New York Rep. Alexandria Ocasio-Cortez was among those blasting Trump’s tweet about Yovanovitch, and suggested it might be added to the impeachment probe.
“His choice to publicly broadcast his own, personally authored witness intimidation means he wants to sign up for another article on obstruction of justice, too,” Ocasio-Cortez, the freshman from the Bronx, said in her own Twitter post.
Even some Republicans were disturbed.
“I disagree with the tweet,” New York Rep. Elise Stefanik, a GOP member of the intelligence panel, said during a brief break in the testimony.
Trump removed Yovanovitch from her post without explanation in May after she raised concerns about his dubious attempts to pressure Ukraine into investigating the Bidens and debunked rightwing claims about the 2016 election while using $391 million in U.S. military aid as part of an alleged quid pro quo.
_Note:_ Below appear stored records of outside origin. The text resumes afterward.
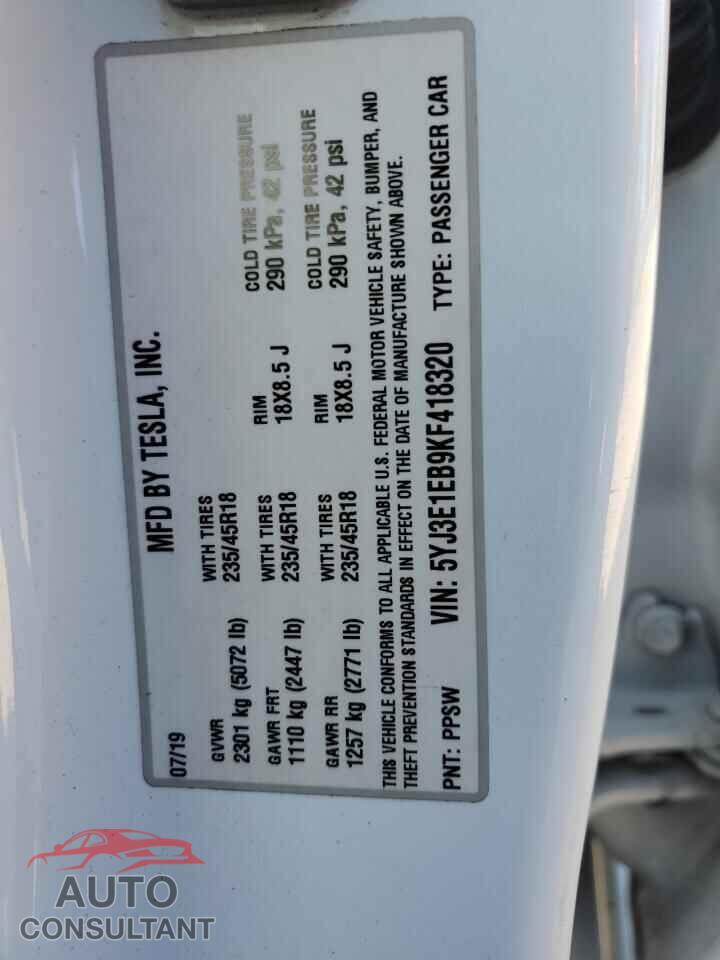 TESLA MODEL 3 2019 - 5YJ3E1EB9KF418320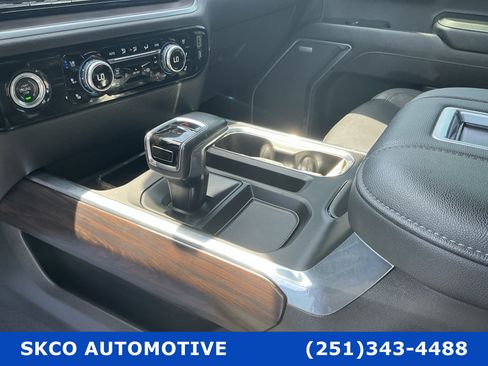 Used 2022 GMC Sierra 1500 SLT w/ SLT Convenience Package AWD/4WD image 23
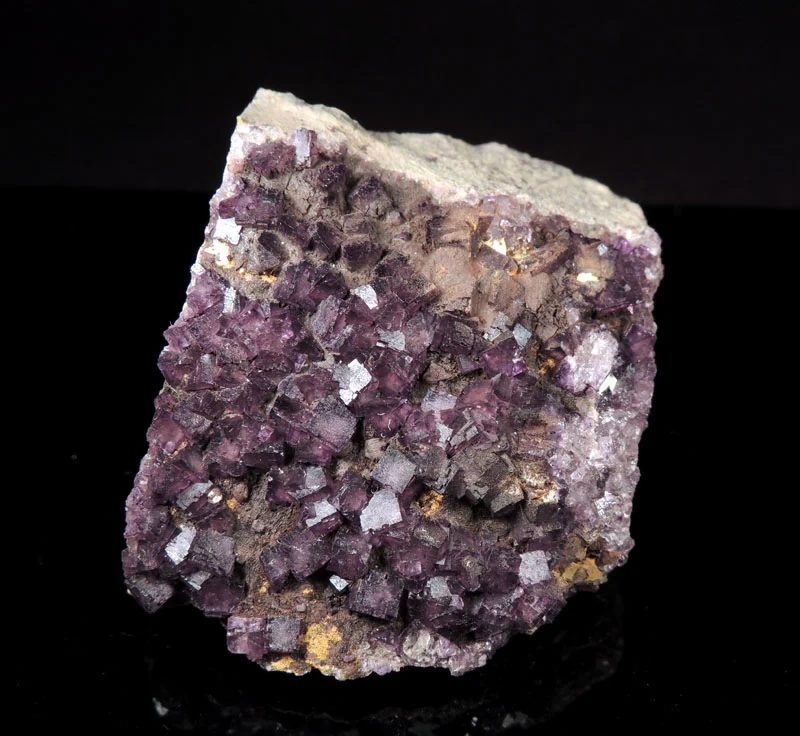 Fotografie minerálu Fluorit z lokality Niederschlag, Germany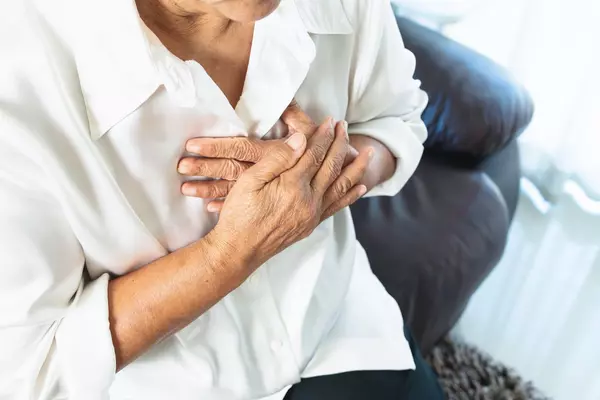 Infarctul ucide tot mai mulți români sub 50 de ani, avertizează un cardiolog: „Mâncăm multă sare”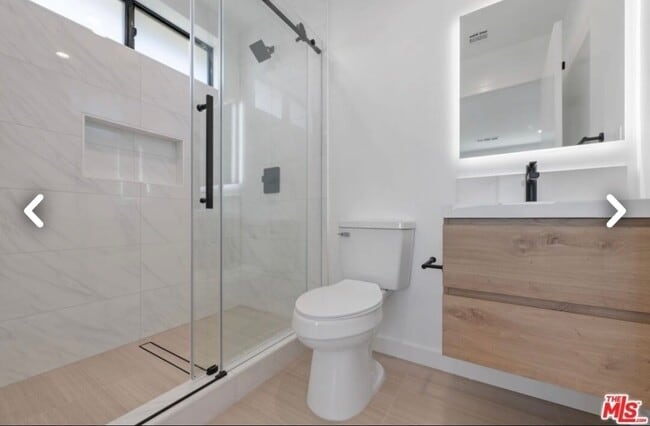 4810 1/2 Mascot St
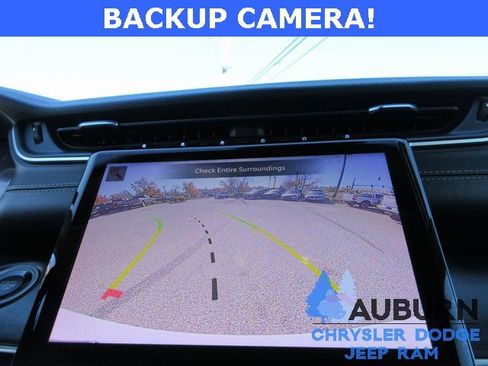 Used 2023 Jeep Grand Cherokee Limited w/ Black Appearance Package image 23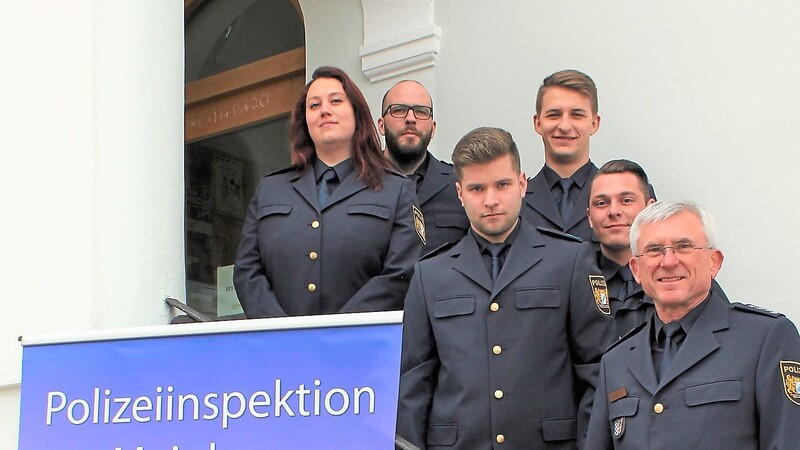 Polizeichef Johann Stanglmair (rechts) mit den neuen Kollegen (v.l.): Irina Weweck, Stefan Hopfensperger, Andreas Buchstaller, Tobias Gschwendner und Ludwig Rottbauer.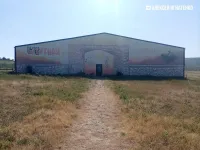 Под Керчью на страусиной ферме нашли опасный батут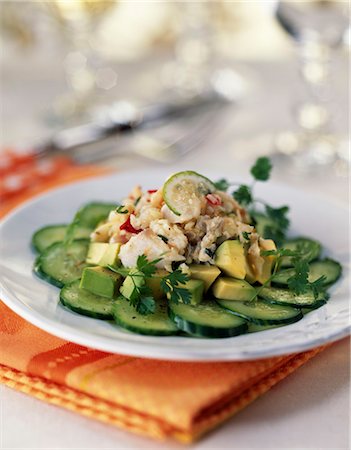 Concombre en tranches en forme de fleur avec la dorade et tartare d'avocat Photographie de stock - Premium Libres de Droits, Code: 652-03635156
She remains a State Department employee but no longer has any day-to-day responsibilities relating to Ukraine.
Rudy Giuliani, Trump’s personal attorney and political dirt-digger, spearheaded the Trumpian smear against Yovanovitch, relying on conspiracy theories floated by sketchy ex-Ukrainian officials who claimed she was corrupt and working to undermine the U.S. president and help Democrats.
Yovanovitch was also perceived as an opponent of lucrative business schemes pursued by Lev Parnas and Igor Fruman, Giuliani’s Biden dirt partners who have since been indicted in a sweeping campaign finance scheme that overwere laps with the Ukraine scandal.
Yovanovitch said many of the ex-officials Giuliani listened to corrupt themselves, including Yuriy Lutsenko, the country’s former top prosecutor, adding they wanted her out because she was leading efforts to stamp out corruption in the country. Lutsenko has since come under investigation by his own government.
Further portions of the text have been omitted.